First, war powers can be designed to allow the legislature to revoke authorization of the use of force or to affirmatively end war with fewer institutional barriers. In this light, perhaps the most modest (and constitutionally realistic) implementation of the Ellsworth-Mason approach would be for Congress to simply refuse to consent to the Chadha decision and, if ever appropriate, a corresponding resolution under Article 5( c) to adopt. ) of the War Powers Resolution.

BEHAVIORAL WAR POWERS AND INSTITUTIONAL

War Powers in Context

It might be better, then, to consider how the constellation of powers, checks and balances might be designed to be more sensitive to each particular context. First, institutional designers can consider the type of action—for example, defending the nation, preventing a perceived threat, offensive warfare, or humanitarian intervention—when thinking about powers, checks, and balances. The willingness to take risks to recover a lost territory - as in the case of the Falklands - is more likely to be driven, in part, by a prospect theory bias.

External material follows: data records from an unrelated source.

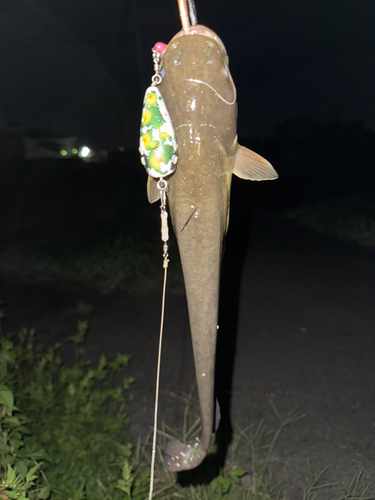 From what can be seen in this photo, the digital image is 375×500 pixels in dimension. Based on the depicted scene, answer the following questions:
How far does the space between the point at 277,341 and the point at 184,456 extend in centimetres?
234

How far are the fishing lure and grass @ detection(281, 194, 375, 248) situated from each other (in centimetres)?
479

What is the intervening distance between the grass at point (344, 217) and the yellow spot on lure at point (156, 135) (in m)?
4.79

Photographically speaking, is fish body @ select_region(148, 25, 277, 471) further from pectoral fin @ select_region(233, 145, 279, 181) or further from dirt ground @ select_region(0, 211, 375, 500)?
dirt ground @ select_region(0, 211, 375, 500)

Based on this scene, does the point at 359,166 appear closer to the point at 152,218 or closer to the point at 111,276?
A: the point at 152,218

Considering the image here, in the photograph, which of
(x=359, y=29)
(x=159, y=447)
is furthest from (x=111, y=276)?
(x=359, y=29)

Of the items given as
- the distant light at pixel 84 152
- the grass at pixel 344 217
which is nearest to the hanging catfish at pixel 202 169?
the distant light at pixel 84 152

Second, as our doctrinal discussion demonstrates, we may want a different constellation of powers, checks, and balances based on the different stages of conflict, such as threatening, starting, waging, and ending wars. Analysts may differ on what composition of powers, checks and balances is appropriate in each context.

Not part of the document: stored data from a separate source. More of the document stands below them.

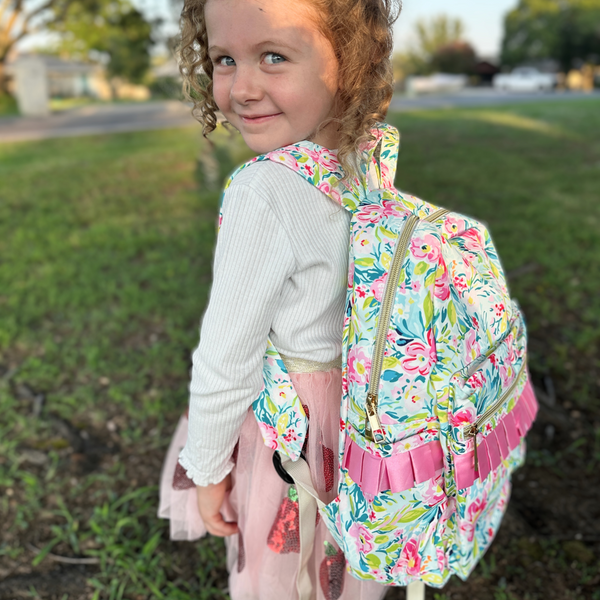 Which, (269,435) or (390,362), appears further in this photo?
(269,435)

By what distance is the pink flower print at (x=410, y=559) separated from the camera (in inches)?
44.0

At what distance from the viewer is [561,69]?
38.9 m

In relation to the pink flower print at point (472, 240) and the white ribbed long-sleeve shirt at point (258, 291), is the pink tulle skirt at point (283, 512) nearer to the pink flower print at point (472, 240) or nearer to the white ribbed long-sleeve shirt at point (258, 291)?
the white ribbed long-sleeve shirt at point (258, 291)

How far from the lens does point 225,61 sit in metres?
1.09

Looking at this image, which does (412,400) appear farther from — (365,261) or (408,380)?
(365,261)

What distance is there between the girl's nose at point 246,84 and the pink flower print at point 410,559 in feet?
2.91

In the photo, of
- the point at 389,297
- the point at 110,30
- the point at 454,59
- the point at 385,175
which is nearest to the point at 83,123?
the point at 110,30

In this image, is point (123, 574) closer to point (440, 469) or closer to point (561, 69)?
point (440, 469)

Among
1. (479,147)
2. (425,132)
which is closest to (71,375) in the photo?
(479,147)

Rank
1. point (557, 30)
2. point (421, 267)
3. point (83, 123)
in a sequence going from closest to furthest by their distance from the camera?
point (421, 267), point (83, 123), point (557, 30)

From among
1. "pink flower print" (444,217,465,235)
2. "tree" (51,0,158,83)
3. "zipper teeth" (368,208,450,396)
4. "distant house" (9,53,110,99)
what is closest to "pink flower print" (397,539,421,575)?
"zipper teeth" (368,208,450,396)

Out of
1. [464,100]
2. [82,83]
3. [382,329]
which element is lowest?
[82,83]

Institutional Design Strategies

  • Improving Information
  • The Design of Internal Decisionmaking
  • Vetogates
  • The Role of Independent Third Parties
  • The Ellsworth-Mason Approach

For a discussion of the debian possibility of education and training, see Larrick, supra note 248, at 326. From the social conformism of Asch's experiments269 to short-sighted Bayesianism,270 groups of individuals often. As we have discussed, presidents have carefully (but rarely fully) sought the approval of the United Nations or the participation of multilateral coalitions when seeking to use force without congressional authorization.

Thus, if the president's decision to use force is ratified by the United Nations or if a broad coalition participates in the operation, passage through that veto gives more confidence in the reliability of the decision to use force. 317 Emergency powers will be granted for a period of months, and any reauthorization of the emergency.